┌─ Material supplied

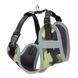 Нагръдник Ferplast Nikita Fashion Green, S 00000004704 снимка 1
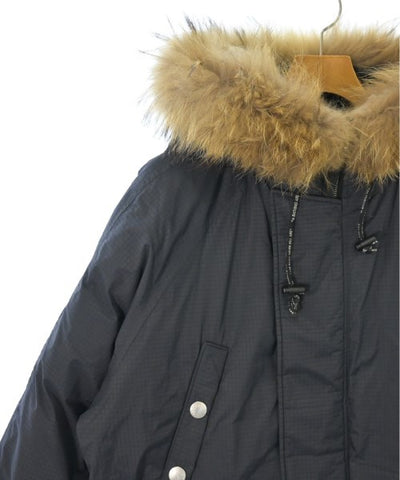 A BATHING APE Down jackets/Vests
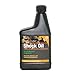 Finish Line 15wt Suspension Shock Oil 16oz Botle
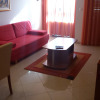 Отель Aparthotel Astoria, фото 4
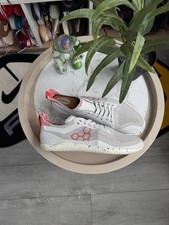 Maglia vivobarefoot geo usato Maglia vivobarefoot geo usato  Spedire a Italy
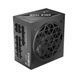Блок живлення 1stPlayer HA-750BA4 750W (NGDP-GLD-750-BK-EU) [608614], фото 7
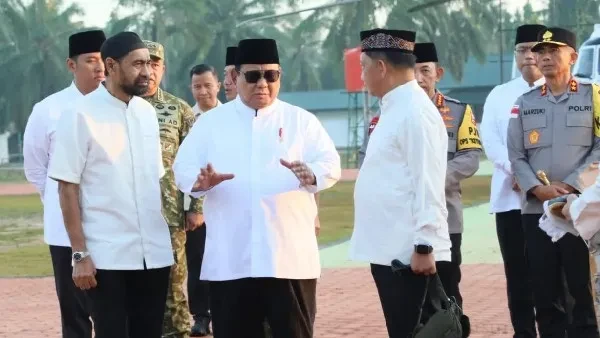 Prabowo-Subianto-di-Aceh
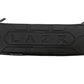 Used HK Army EXO Slim Barrel Case Paintball Gun from CPXBrosPaintball Buy/Sell/Trade Paintball Markers, New Paintball Guns, Paintball Hoppers, Paintball Masks, and Hormesis Headbands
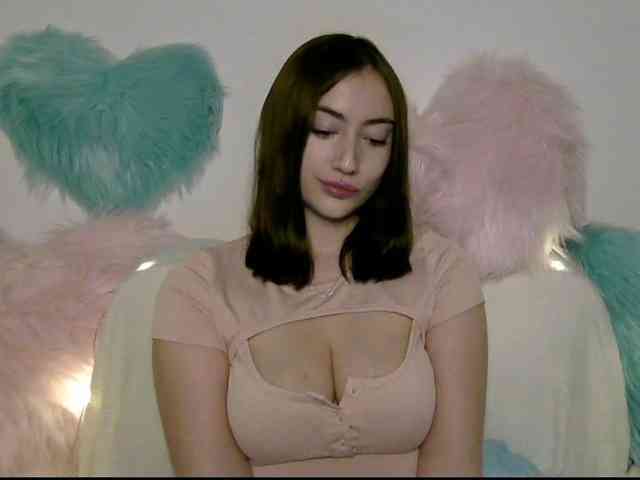 KaylaAmazing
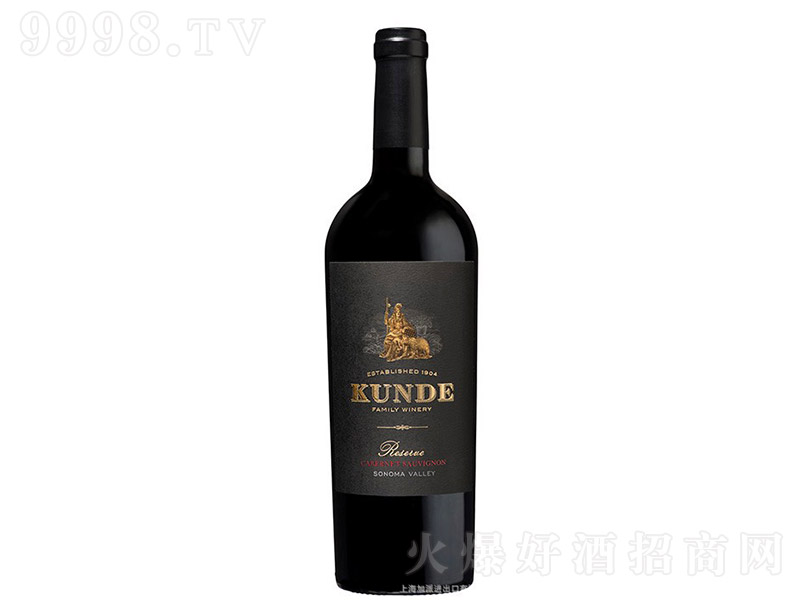¾ׯĿϵлɺѾơ12.5 750ml
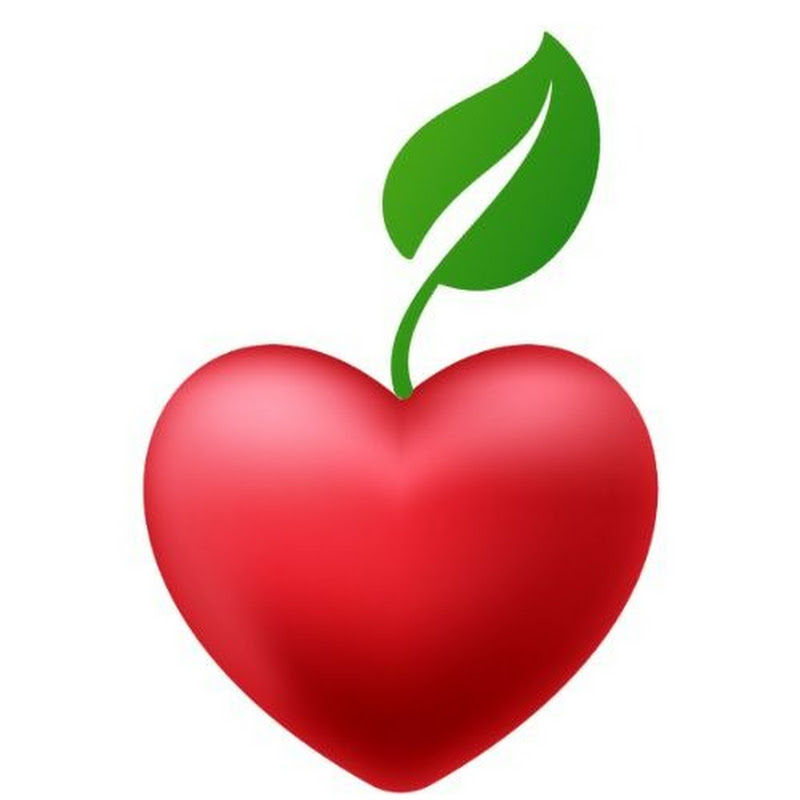 Health Tips and Supplement Review (SparkWellness)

└─

About this exercise: Quote exactly the lines from the line that contains "¾ׯĿϵлɺѾơ12.5 750ml" through the last line of the listing, please, leaving out all pictures.

Final answer:
¾ׯĿϵлɺѾơ12.5 750ml
 Health Tips and Supplement Review (SparkWellness)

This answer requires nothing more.